Naturally, a solar panel might also impact the resale value of your house. While many worry that the ugly panels might push the price down, the truth is that the impact could be either negative or positive – though often not quite enough to offset the original price of the panel. Be aware that if you’ve signed a long-term contract, perhaps marrying the property to an older, inferior technology, the value of your property could well be pushed downward.

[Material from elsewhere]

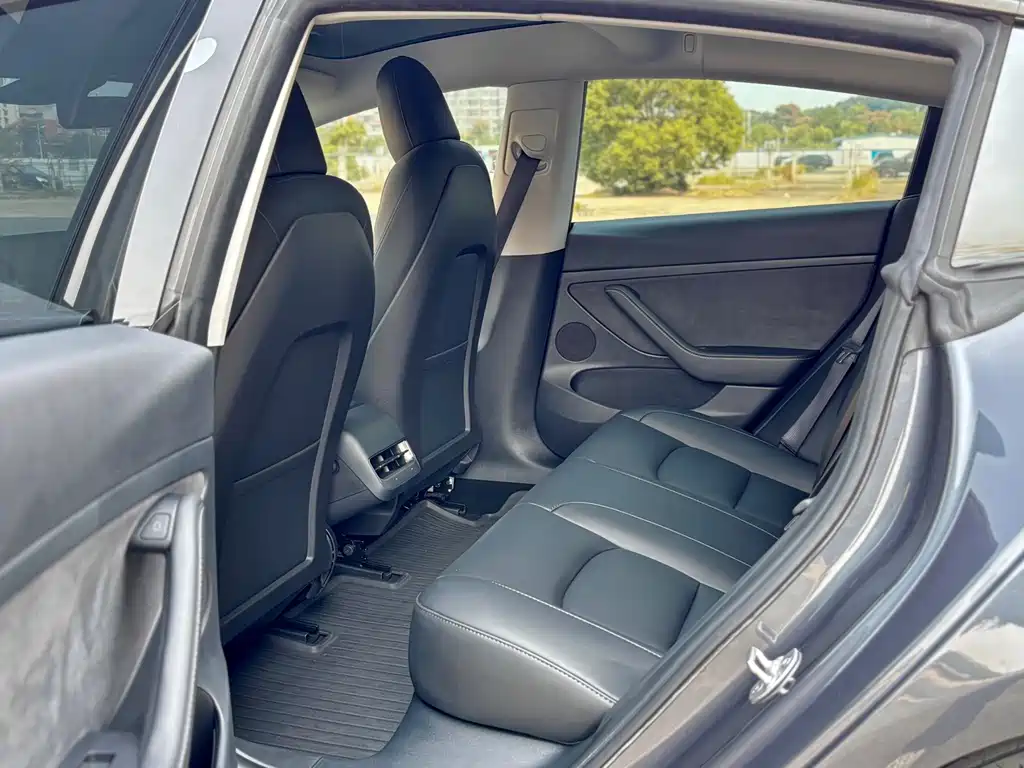 Tesla Model 3 — миниатюра 11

Many might also worry about planning permission. Fortunately, solar panels, like conservatories and kennels, are often considered a ‘permitted development’. This means that you don’t need planning permission to install them, unless you live in a listed building, or in a conservation area. That said, you might need the approval of the local council’s building control authority, so be sure to check before proceeding. Having to take down your solar panel after you’ve installed it is not much fun!

If you’ve considered these factors, and your property looks to be suitable for modification, then the good news is that, once they’re installed, a solar panel will demand very little of your time and attention, and can generally be forgotten about, according to the Energy Savings Trust. One component which might need replacement is the inverter – but not until it’s been installed for around twenty years.